Mungkin dulu ibu Anda pernah berkata atau berpesan jangan menggunakan kata-kata kutukan agar tidak membuat orang berpikir bahwa Anda kurang berpendidikan daripada kondisi Anda sebenarnya. Pesan atau nasihat ini mungkin ada benarnya, bahkan di dunia media sosial seperti sekarang ini di mana sangat banyak pengguna media sosial seperti Twitter bersumpah serapah di timeline mereka.
Dalam serangkaian penelitian, psikolog sosial dan ilmuwan komputer dari AS, Jerman, dan Australia menganalisis tweet publik untuk menilai apa kesimpulan yang ditarik orang lain terhadap mereka yang melakukan tweet tersebut. Dari penelitian tersebut ditemukan bahwa ketika seseorang memposting tweet menyumpah di Twitter mereka, peserta penelitian mengklasifikasn mereka ke dalam kelompok orang yang tak pernah mengenal sekolah atau tidak berpendidikan. Kadang-kadang asumsi ini akurat, tetapi peserta penelitian cenderung berlebihan memberikan atribut di mana bahasa percakapan seperti “lol,” “wanna”, dan “gonna” dianggap termasuk kelompok non-berpendidikan tinggi.
Untuk salah satu percobaan, 481 peserta penelitian diminta untuk mengkategorikan 1.000 penulis tweet berdasarkan tingkat pendidikan yang hanya dilihat pada isi posting media sosial mereka.

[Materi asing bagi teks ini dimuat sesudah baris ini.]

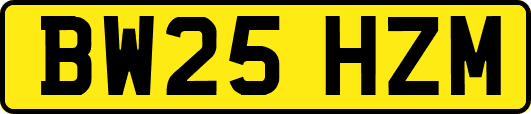 BW25HZM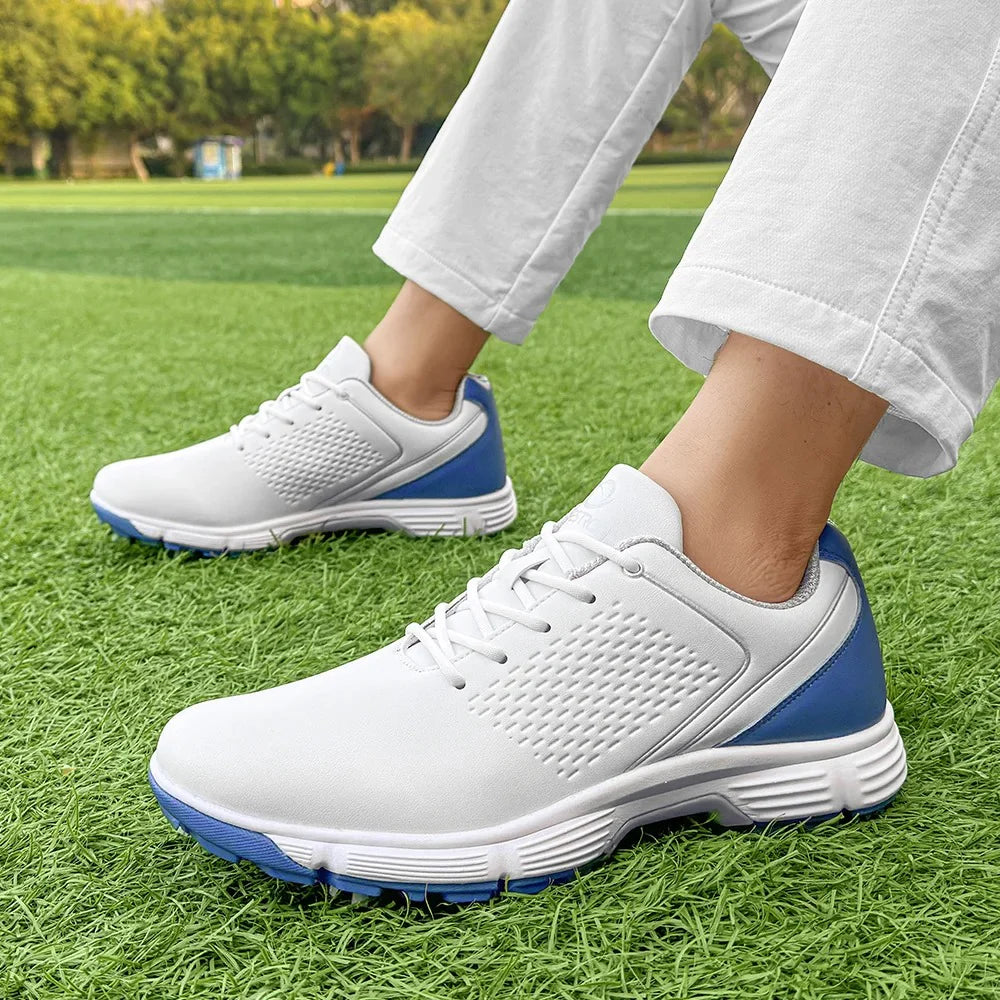 Men’s Golf Spiked Shoes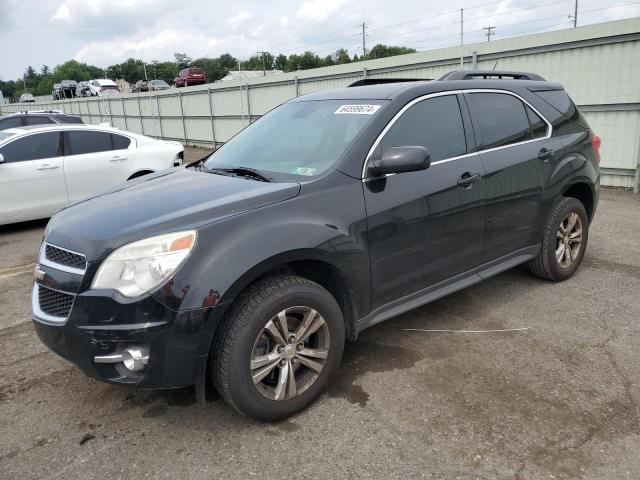 Паркетники CHEVROLET EQUINOX 2015 Черный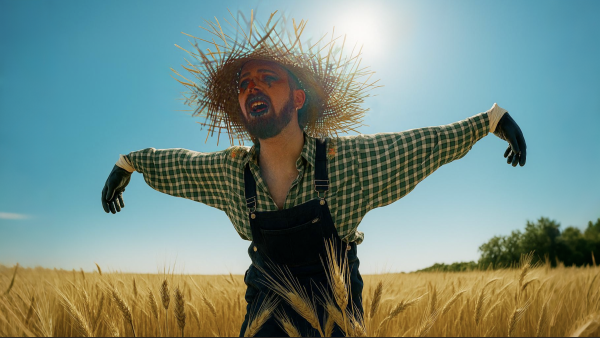 STRE - Spaventapasseri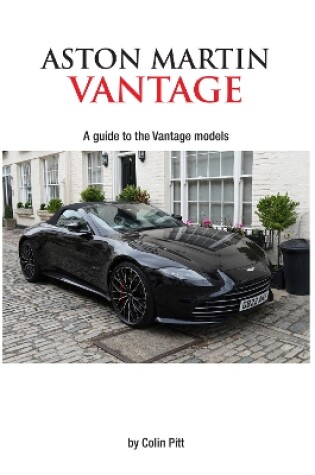 Cover of Aston Martin Vantage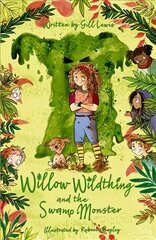 Willow Wildthing and the Swamp Monster цена и информация | Книги для подростков и молодежи | kaup24.ee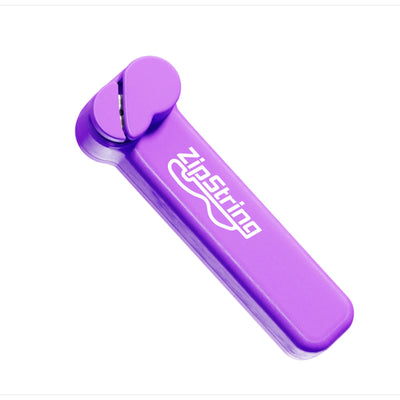 ZIP STRING VIVACIOUS VIOLET - Toyworld Frankston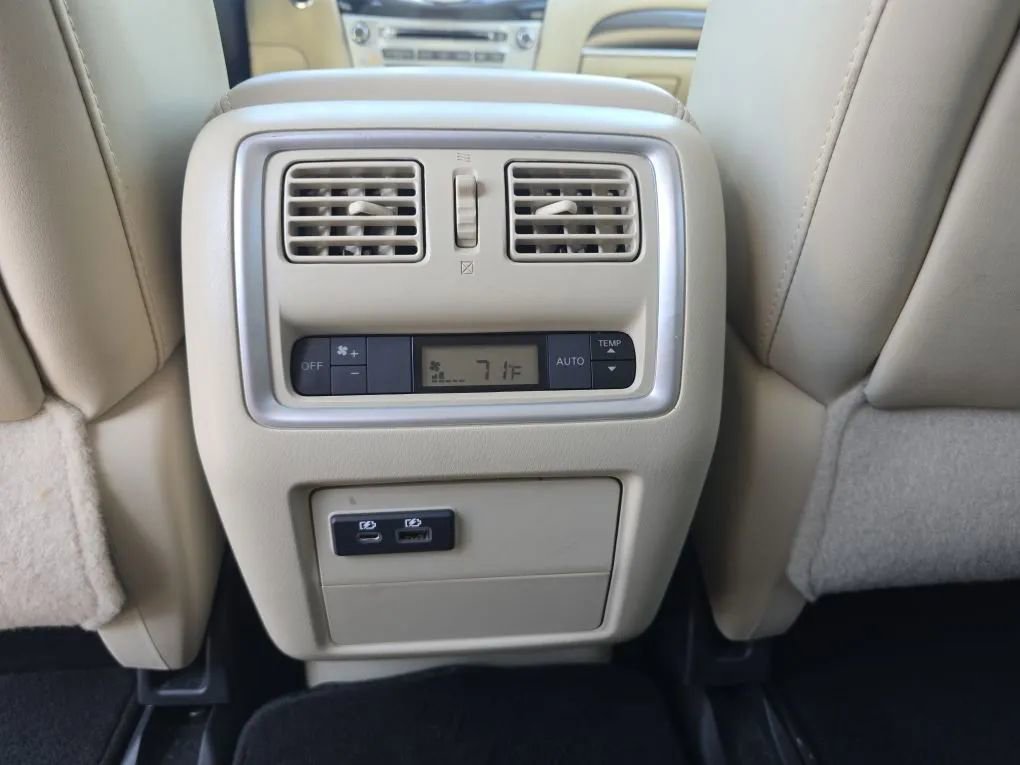 Used 2020 INFINITI QX60 Luxe w/ Essential Package AWD/4WD image 49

Para peneliti menggunakan bentuk kecerdasan buatan yang disebut natural language processing (NLP) untuk memisahkan stereotip yang masuk akal dari orang-orang yang tidak benar.
Para peneliti menunjukkan satu set perilaku yang digambarkan melalui pilihan bahasa yang digunakan pada media sosial dan meminta orang untuk menebak identitas orang yang melakukan tweet. Menyumpah adalah hal yang sangat menonjol untuk contoh stereotip yang tidak akurat. Bahasa percakapan secara otomatis menurunkan dugaan tingkat pendidikan yang melakukan tweet dan peserta mengasumsikan bahwa orang dengan gelar pendidikan tinggi tidak pernah menyumpah (sesuatu yang tidak benar).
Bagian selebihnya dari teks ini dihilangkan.